Many PCC’s are the beneficiary of trust fund income. This can arise from a variety of sources including legacies, gifts or the sale of an asset. The income generated can range from a few £’s per year to thousands of £’s. All PCC’s are pleased to receive the additional income, but fewer are aware of their responsibility as managing trustee or the options available to them should they want to access the capital of the trust.
We’ve listed below the common questions that we’re asked about trusts. If your PCC has a trust, but you don’t really know what that means, we’d encourage you to work through these pages.
When a PCC is the beneficiary of a bequest (an endowment) for a specific purpose a ‘trust’ is created. PCC trusts most often arise where a church receives a legacy from a parishioner.
Trusts fall into two categories; permanent endowments and expendable endowments. An expendable endowment is a gift or legacy which can be spent completely. A permanent endowment is a gift or legacy where only the income (deposit interest, dividends or rent) can be spent. The capital, usually cash or shares, must remain untouched to provide an income for future generations.
When a trust is created, the beneficiary appoints trustees. In the case of church trusts, this is most often either the PCC or the ‘Vicar and churchwarden(s)’. The trustees manage the assets of the trust, and ensure that the original benefactors wishes are followed. In Hereford Diocese, the majority of PCC trusts relate to the upkeep of graves, churches, churchyards, bells and organs.
Hereford Diocese Board of Finance (HDBF) is, in most cases the ‘Custodian Trustee’ of church trusts. Church law stipulates that all permanent endowments must be vested with the Diocesan Board of Finance (as custodian trustee), with the PCC or Vicar & churchwardens being the ‘managing trustee’.
The following summarises the main differences between a Custodian trustee (the Diocese) and managing trustees (normally a PCC):
- Has no power to make management decisions
- Must act on the lawful instruction of the Managing Trustee unless a breach of trust has been identified
- Legally the registered owner of the asset(s) of the Trust but not the beneficial owner
- Custodian of the documents - all legal paperwork associated with the assets.
- Must make all documents freely available to the Managing Trustees
- Must ensure that there is no breach of trust by the Managing Trustees
- Can charge the managing trustees for its administration services (no charge is made by HDBF to PCCs for this service)
- Must apply the Trust income (and capital if expendable) according to the donor's wishes/stipulations
- Should understand the history of the Trust and any restrictions placed on income/capital (ideally should have a copy of the relevant will/documentation)
- Must manage the Trust efficiently
- Must invest the Trust assets prudently and in the best interests of the beneficiaries (so Trustees should avoid investing in high risk shares or poor yielding cash deposit accounts)

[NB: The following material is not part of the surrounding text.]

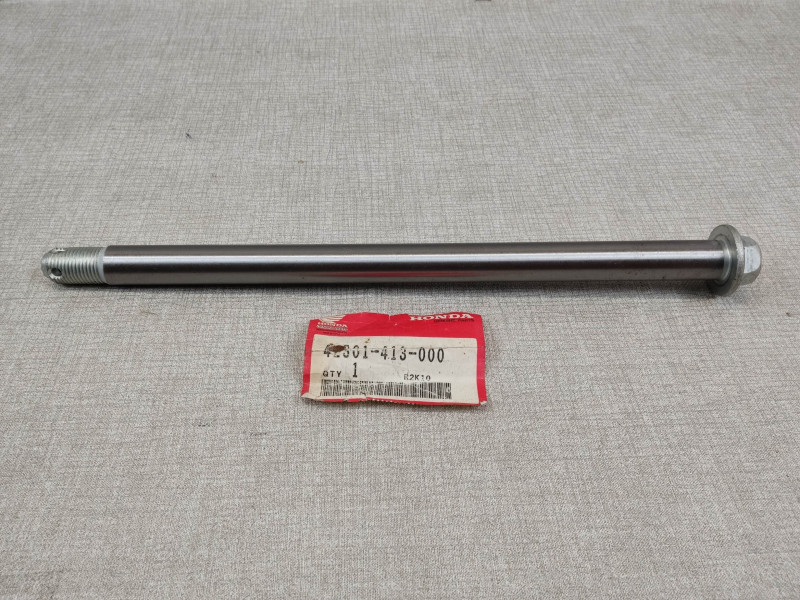 Axe de roue arrière Honda CB250 CB400 N/T - Réf. 42301-413-000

- Maintains accounting records for all trust income, expenditure and assets
Many of our PCCs have trusts which generate a very small amount of income each year. These PCCs may wish to consider whether it might be more effective to spend the capital of the trust as well as the income. The Charity Commission will allow a PCC to do this, provided that the following criteria are met:
- The annual income of the trust is under £1,000* or
- The whole of the trust fund value is valued at less than £10,000
- The trustees believe that the purposes of the fund could be carried out more effectively if the capital were to be spent
We’ve put together a guidance sheet that takes you through the steps that you need to take if your PCC is considering spending a permanent endowment.
The following resolution templates can be found as follows (please note that the guidance should be read prior to using these templates):
- PCC resolution for removing permanent endowment restriction - capital value under £10,000
- PCC resolution for removing permanent endowment restriction - capital value over £10,000
- PCC resolution to combine two charitable Trust Funds
*The Diocese expects PCCs to invest trust fund assets in the best interests of the beneficiaries. If a trust fund is valued at over £35,000, it would normally be generating more than £1,000 of income. If the income is lower, the trustees should consider changing the investment strategy before seeking to spend the permanent endowment.
PCC accounts should reflect each trust fund for which they (or the vicar and churchwarden’s) are managing trustee.
The income from the trust will be for a restricted purpose and should therefore be shown under a restricted fund heading. Any related expenditure should also be shown under the restricted fund heading. PCC’s should seek to set expenditure against restricted funds wherever possible. For example, if a churchyard trust allows for ‘maintenance of the churchyard’, any costs that relate to churchyard maintenance should be set against that fund first.
The statement of assets and liabilities in the PCC accounts should show the value of the trust fund assets. This would normally be a deposit account or a shareholding. Where the Diocese is the Custodian Trustee, statements will be e-mailed to each PCC showing the value of the trust assets at the year end.
The notes to the accounts should include details of each separate trust fund explaining when the gift was given, who by, the value of the original gift and any restrictions on use of income and capital.